Methods for generative design of robot physical configurations can automatically find optimal and innovative solutions for challenging tasks in complex environments. The vast search-space includes the physical design-space and the controller parameter-space, making it a challenging problem in machine learning and optimisation in general. Evolutionary algorithms (EAs) have shown promising results in generating robot designs via gradient-free optimisation. Morpho-evolution with learning (MEL) uses EAs to concurrently generate robot designs and learn the optimal parameters of the controllers. Two main issues prevent MEL from scaling to higher complexity tasks: computational cost and premature convergence to sub-optimal designs. To address these issues, we propose combining morpho-evolution with intrinsic motivations. Intrinsically motivated behaviour arises from embodiment and simple learning rules without external guidance. We use a homeokinetic controller that generates exploratory behaviour in a few seconds with reduced knowledge of the robot's design. Homeokinesis replaces costly learning phases, reducing computational time and favouring diversity, preventing premature convergence. We compare our approach with current MEL methods in several downstream tasks. The generated designs score higher in all the tasks, are more diverse, and are quickly generated compared to morpho-evolution with static parameters.
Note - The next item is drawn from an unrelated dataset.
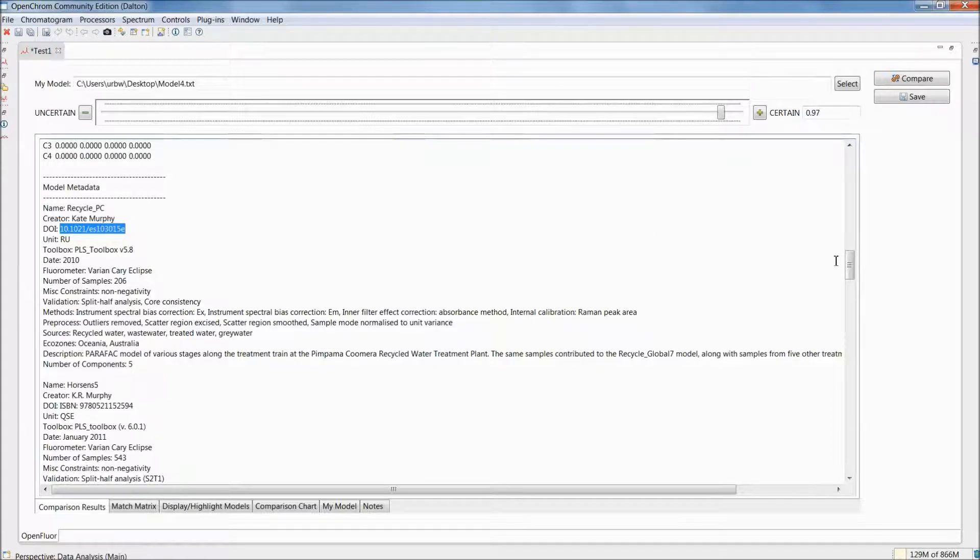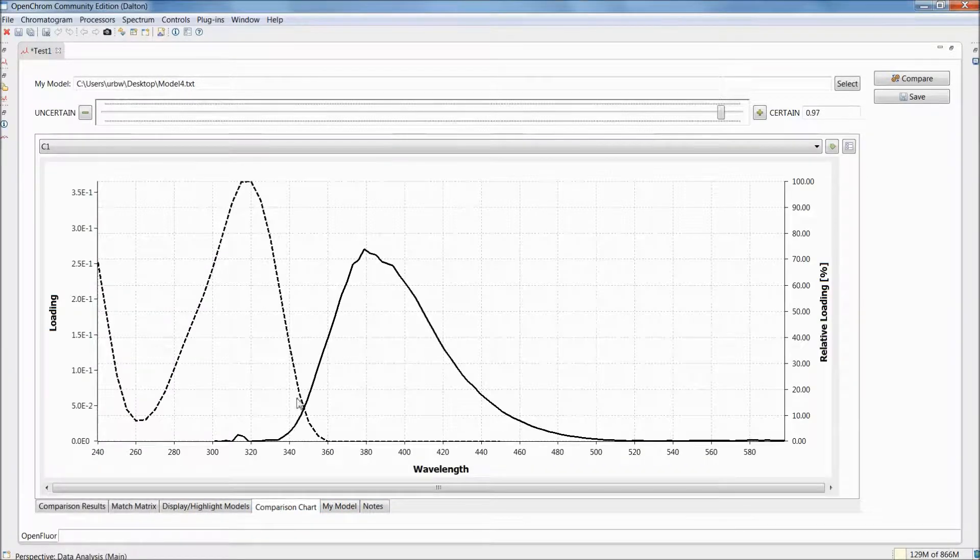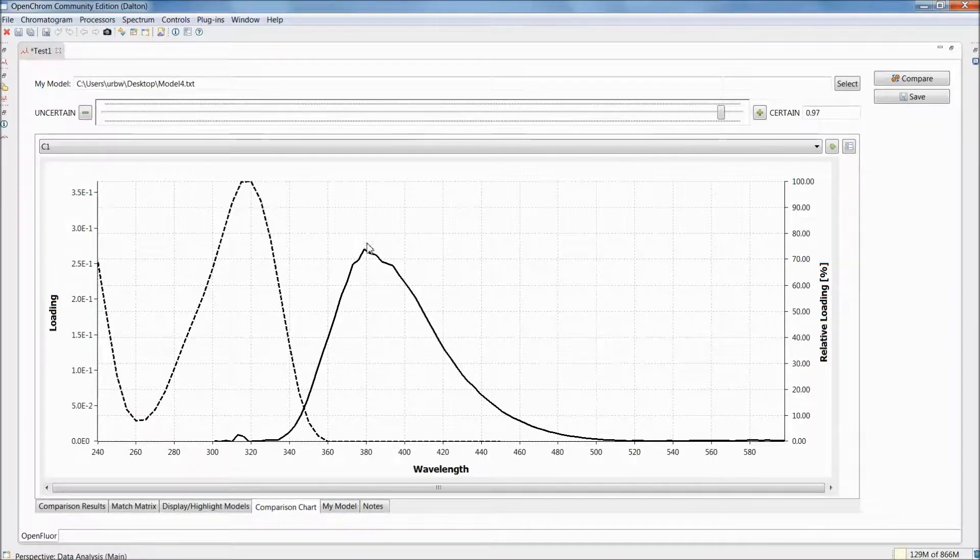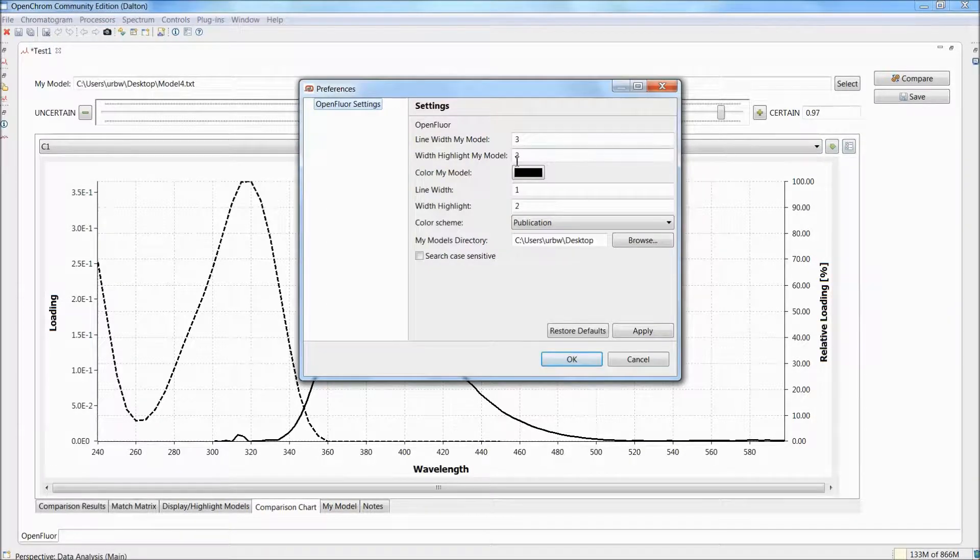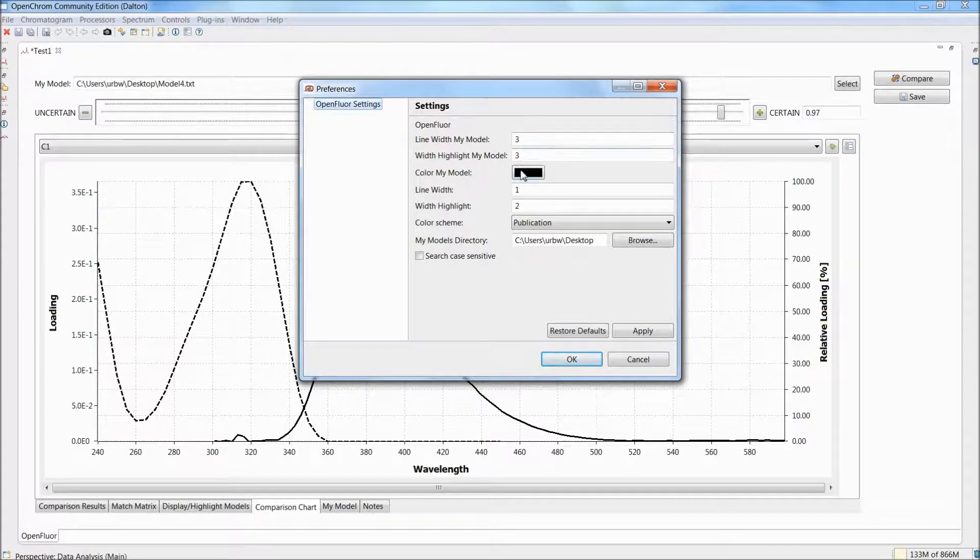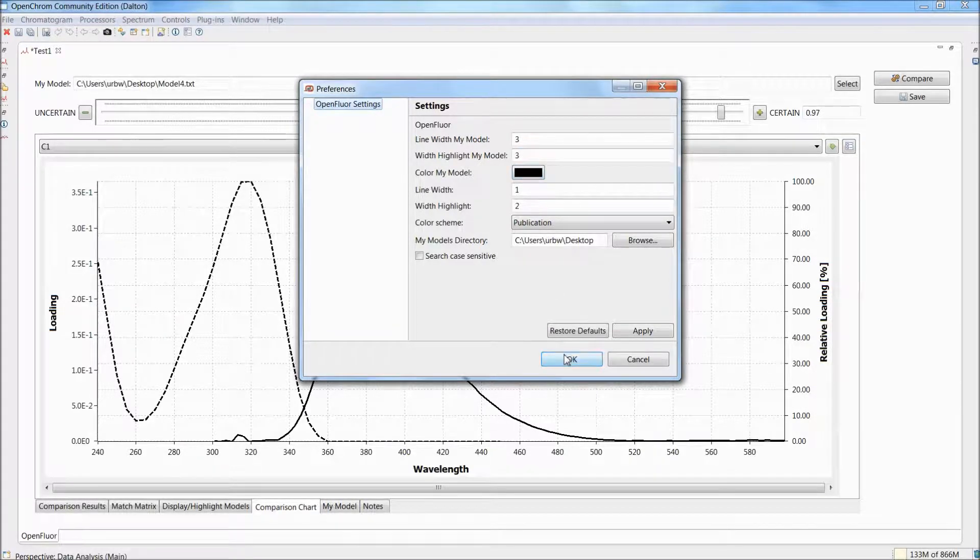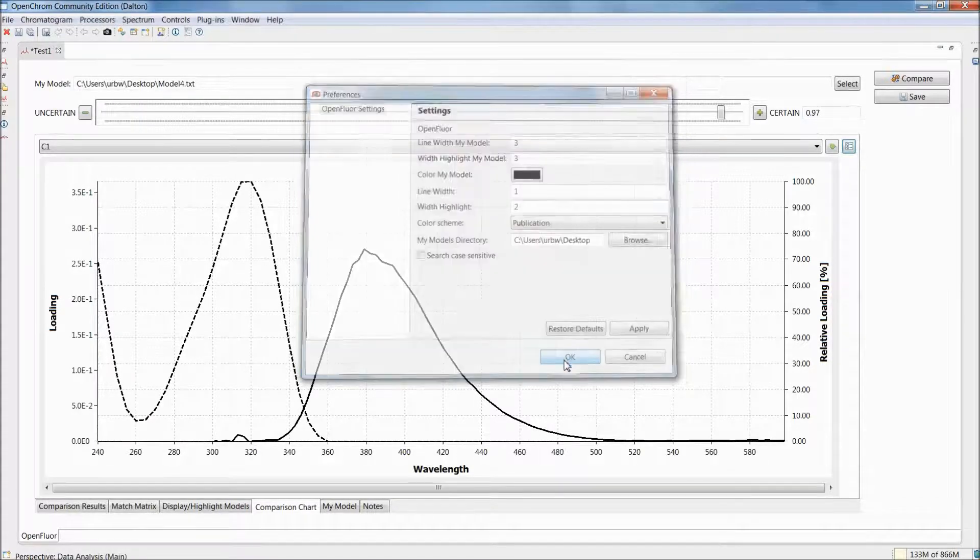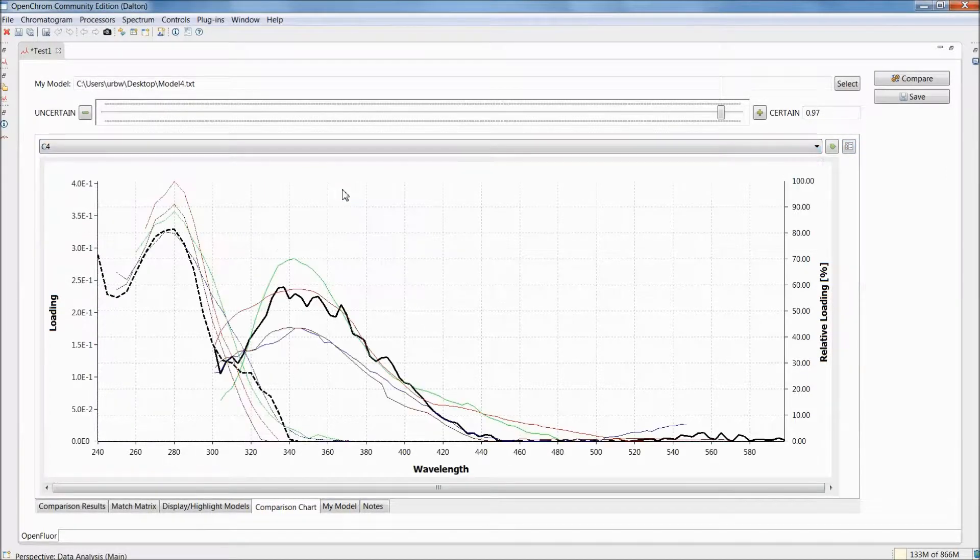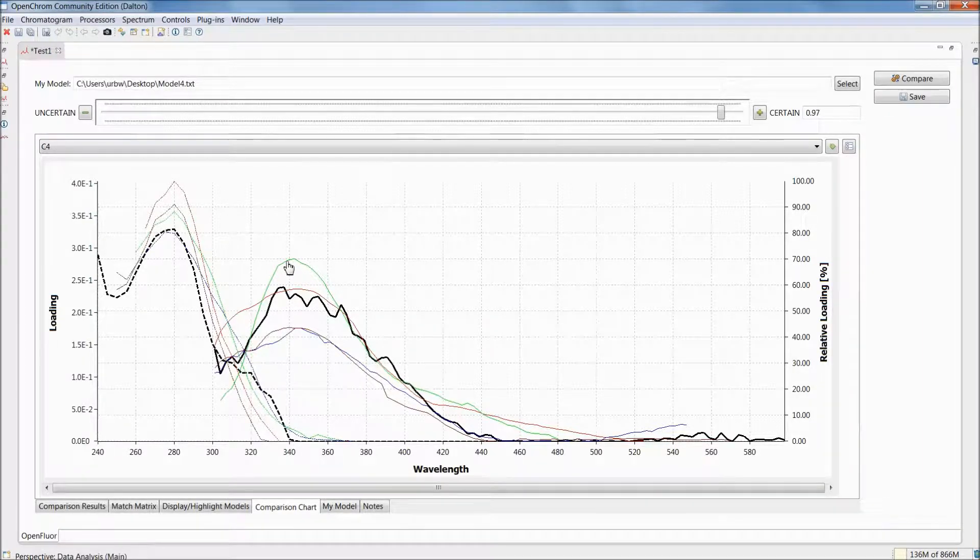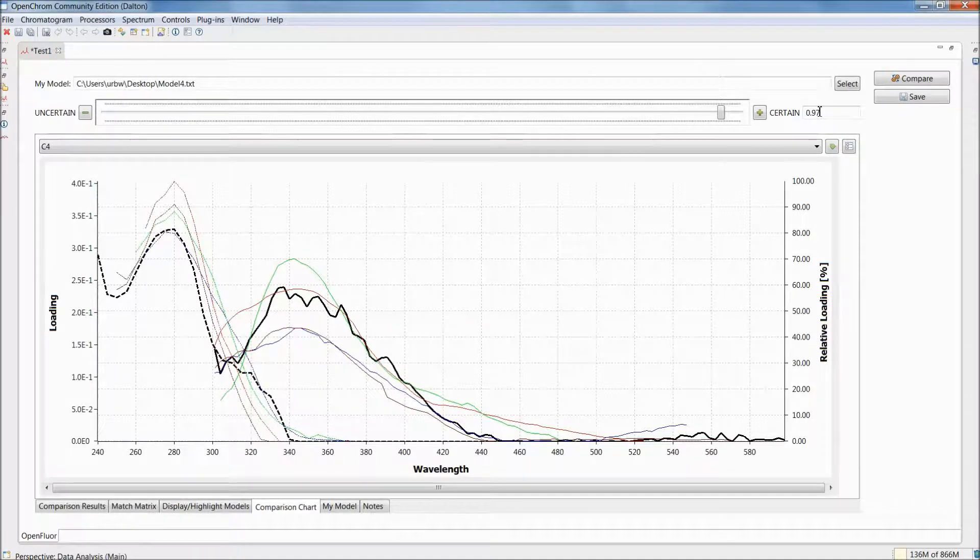The next interesting thing is to actually plot these matches. And that you can do in the tab Comparison Chart. It starts with component 1. You can see your own model components are always going to be black and slightly thicker in line width. But you can change these settings simply by clicking on this tiny little icon here. It's a shortcut to the OpenFloor settings within OpenChrome. You can change the line width of your own model and the color of your own model. But I would suggest leaving it as it is for ease of viewing. But, of course, this is all changeable. If we go to component 4, we see a couple of matches. This is a protein-like component, but it didn't get too many matches in the database, simply due to the fact that I selected a relatively high similarity score of 0.97.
翻译：机器人物理构型的生成式设计方法能够自动为复杂环境中的挑战性任务寻找最优且创新的解决方案。庞大的搜索空间包含物理设计空间与控制器参数空间，这使其成为机器学习和优化领域普遍面临的难题。进化算法通过无梯度优化在生成机器人设计方面已展现出良好前景。结合学习的形态进化方法运用进化算法同步生成机器人设计并学习控制器的最优参数。目前制约该方法向更高复杂度任务扩展的两个主要问题是：计算成本过高以及过早收敛至次优设计。为解决这些问题，我们提出将形态进化与内在动机相结合。内在动机行为产生于具身认知和简单学习规则，无需外部引导。我们采用一种动态平衡控制器，该控制器能在数秒内产生探索行为，且对机器人设计的认知需求较低。动态平衡机制替代了耗时的学习阶段，既减少了计算时间，又促进了设计多样性，从而避免过早收敛。我们在多项下游任务中将本方法与现有结合学习的形态进化方法进行对比。实验表明，相较于静态参数的形态进化方法，本方法生成的机器人设计在所有任务中均获得更高评分，具有更强的多样性，且生成速度显著提升。